** RAW DATA **
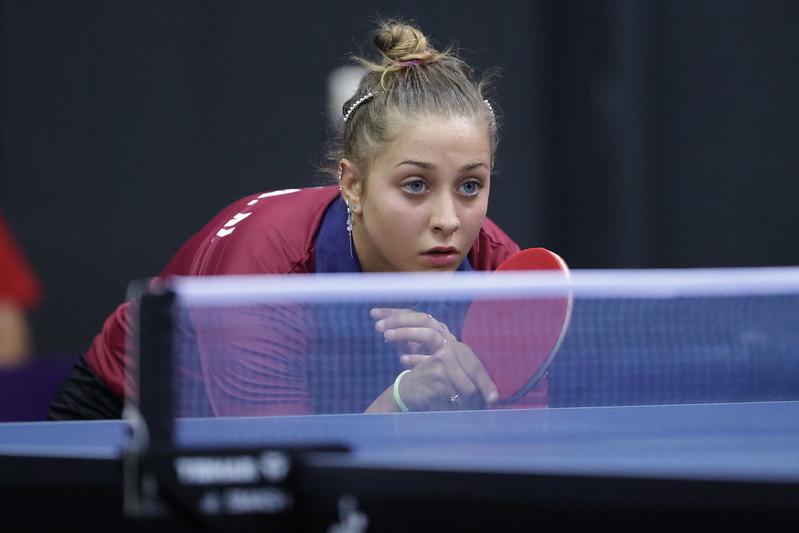 Campionati Europei di Monaco di Baviera 2022 Nicole Arlia 3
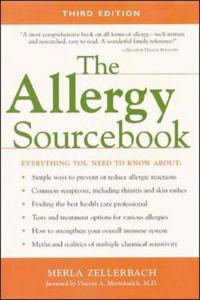 Allergy Sourcebook, The (Sourcebooks)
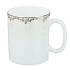 картинка Кружка 320мл Руан опаловое стекло 21057 MILLIMI арт. 818-622 от компании ГлавТорг Красноярск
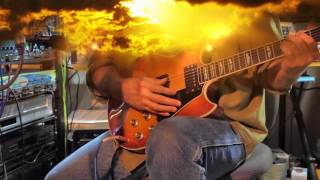 Video thumbnail for Yamaha SBG2100 with SG3000 Pickups by Christopher Freedom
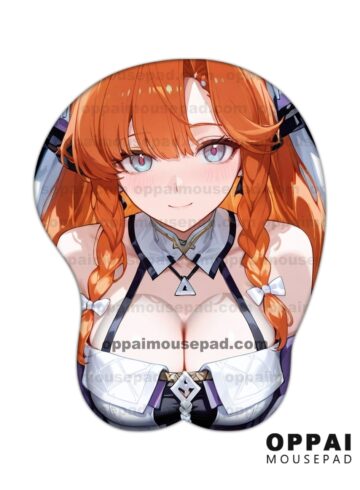 鳴潮 シグリカ おっぱい マウス パッド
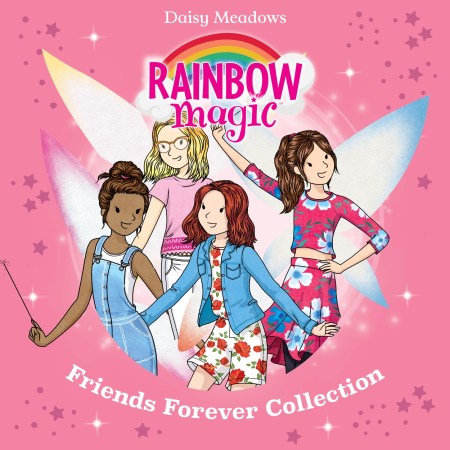 Rainbow Magic: Friends Forever Collection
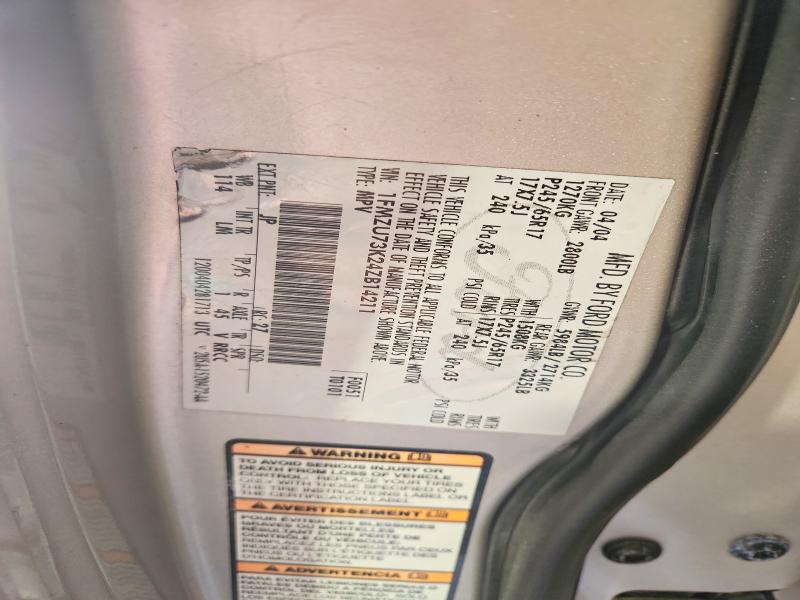 Aukcja sprzedaży 2004 Ford Explorer, vin: 1FMZU73K24ZB14211, numer aukcji: 52677996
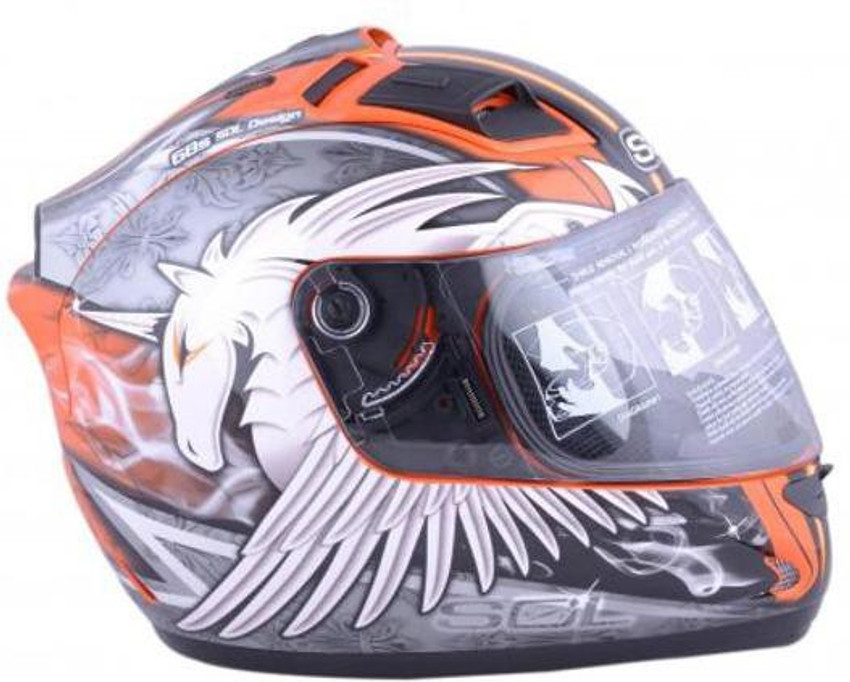 Sol unicorn 2 helmet 2025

** WORK TASK **
The full listing above, duplicated exactly and without its pictures, is the answer.

** ANSWER BELOW **
 Campionati Europei di Monaco di Baviera 2022 Nicole Arlia 3
 Allergy Sourcebook, The (Sourcebooks)
 картинка Кружка 320мл Руан опаловое стекло 21057 MILLIMI арт. 818-622 от компании ГлавТорг Красноярск
 Video thumbnail for Yamaha SBG2100 with SG3000 Pickups by Christopher Freedom
 鳴潮 シグリカ おっぱい マウス パッド
 Rainbow Magic: Friends Forever Collection
 Aukcja sprzedaży 2004 Ford Explorer, vin: 1FMZU73K24ZB14211, numer aukcji: 52677996
 Sol unicorn 2 helmet 2025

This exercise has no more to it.